03.03.20 | Linda J. Rosenthal, JD

“It’s almost always election season in the United States.”

The polls close on one contest but, by dawn the next morning, “the chatter begins about re-election bids and new opponents.” By the time that primary-election votes are being counted, that chatter turns into a frenzy of 24/7 media coverage and analysis as well as a blizzard of candidate advertisements on TV, radio, the internet, and social media.

“We in the philanthropic community are – along with the rest of the nation – deep in the muck of perhaps the most bizarre election season in recent memory.” Being members of the nonprofit sector as well as voters, “… there’s an added dimension to our bewilderment: namely, how to skirt the quicksand of the absolute ban in Section 501(c)(3) on political activities…” while confronting the harrowing reality that our organizations and beneficiaries may be affected significantly by the election results.

That’s what we wrote in a post – not yesterday – but back in 2016. Ahh … the good old days when we were merely in Bizarro World and not entirely through and beyond The Twilight Zone.

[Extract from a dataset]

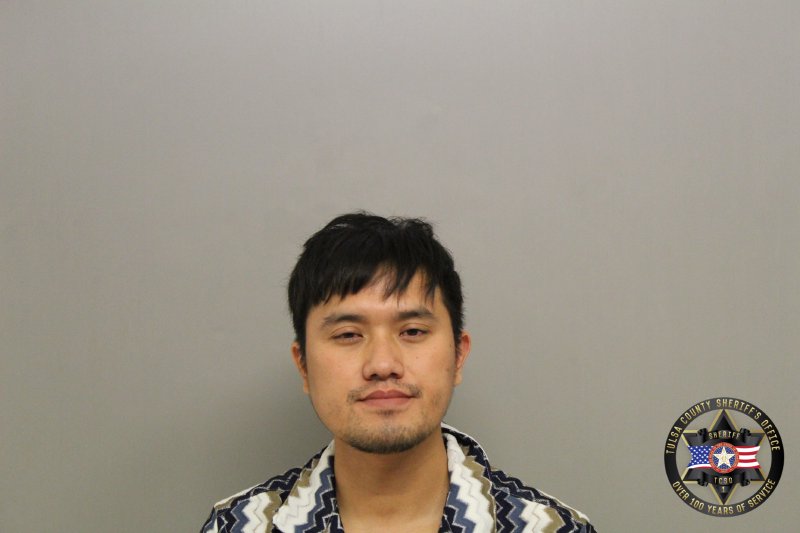 Booking photo of Mang Neu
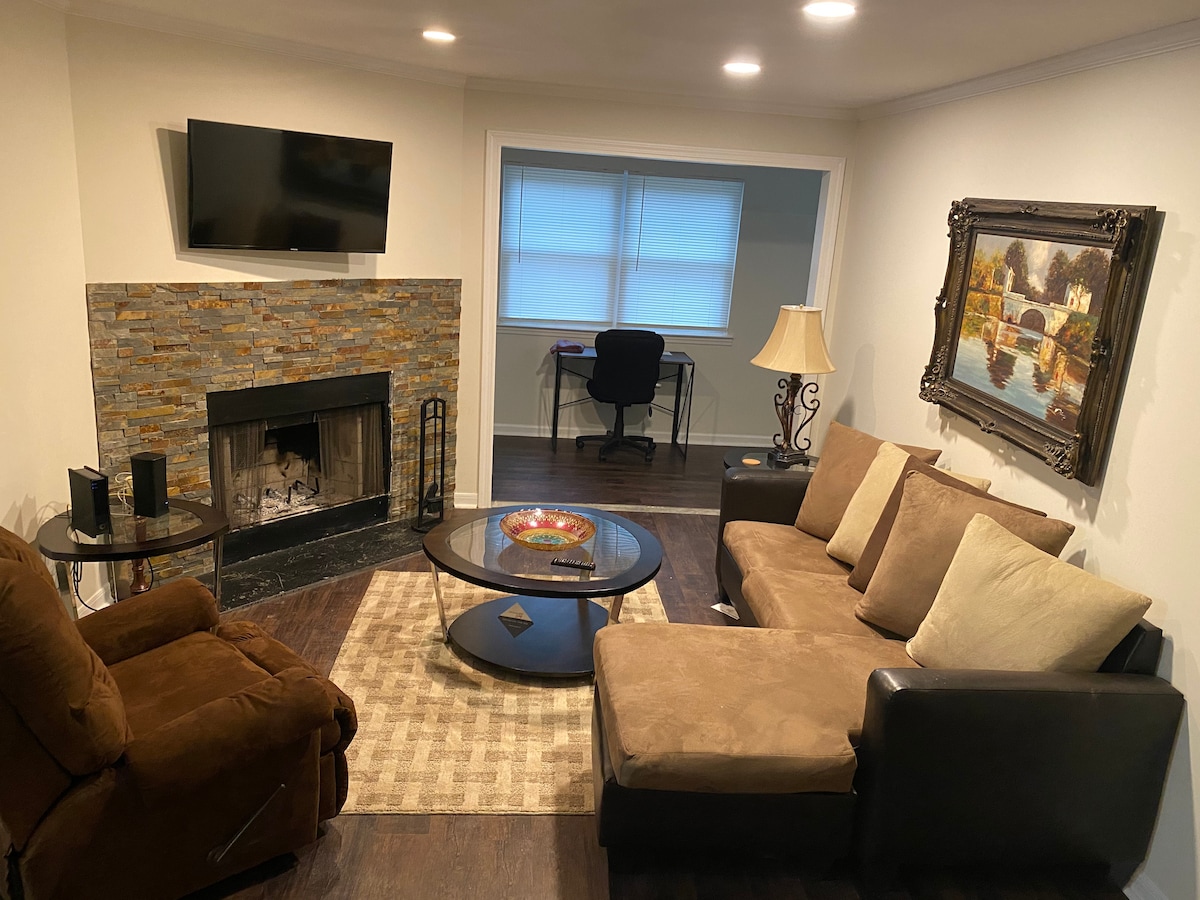 A comfortable living area features a sectional sofa and a recliner chair, with a stone fireplace as a focal point. A television is mounted above the fireplace. A small desk and chair sit against the wall, and large windows allow natural light to enter.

Now, four years later, we more fully understood the warning that “elections have consequences.” The urge to take action and take sides is acute. But for 501(c)(3) organizations, navigating the politics-ban tightrope has always been full of risks.

It continues to be, notwithstanding repeated tweets and other statements from the highest office in the land suggesting that the ban – commonly referred to as “the Johnson Amendment” – was repealed by a 2017 executive order. It was not.

And even though said executive order did signal that officials should go easy on enforcement, the nation’s 501(c)(3)s should not be lulled into a false sense of security. It is not – repeat, not – OK to host a candidate’s political rally or to hand out “envelopes stuffed with cash” to attendees at an “urban development event” that is a thinly disguised partisan occasion.

Political Ban: The Big Picture

In every election cycle since 2014, we’ve added our little bit to the vast amount of information and resources available to help guide 501(c)(3) organizations understand the rules and regulations related to political-campaign activity.

Now, as we plunge headlong into the 2020 campaign fray, we offer what we hope will be a helpful step back from the overwhelming detail out there, turning instead to a broad-brush review of the Johnson Amendment, past and present.

Beginning today, we’ll bite off – in a series of posts – points including:

  • How the Johnson Amendment came about
  • What it is
  • What it isn’t
  • How it may apply to actions by individuals connected with 501(c)(3)s
  • The penalties for violations; enforcement

The Statutory Roots

The Johnson Amendment has long been a controversial law with dedicated proponents and earnest opponents. The lines of division are starker still in our current highly charged and partisan era. Compounding this dilemma is that this total ban on political-campaign activities is challenging to interpret and apply to the broad array of circumstances on the ground.

The complexity here is especially ironic because it arises from a statutory fragment of just 30 words: “… which does not participate in, or intervene in (including the publishing or distributing of statements), any political campaign on behalf of (or in opposition to) any candidate for public office.

That’s right: just 30 words. Originally, in 1954, the phrase had 26 words. Over the next 65 years, Congress added only four more words – (bolded in this quote) – in 1987.

Now, take a look at this phrase in its place in the complete statute:

Corporations, and any community chest, fund, or foundation, organized and operated exclusively for religious, charitable, scientific, testing for public safety, literary, or educational purposes, or to foster national or international amateur sports competition (but only if no part of its activities involve the provision of athletic facilities or equipment), or for the prevention of cruelty to children or animals, no part of the net earnings of which inures to the benefit of any private shareholder or individual, no substantial part of the activities of which is carrying on propaganda, or otherwise attempting, to influence legislation (except as otherwise provided in subsection (h)), and which does not participate in, or intervene in (including the publishing or distributing of statements), any political campaign on behalf of (or in opposition to) any candidate for public office.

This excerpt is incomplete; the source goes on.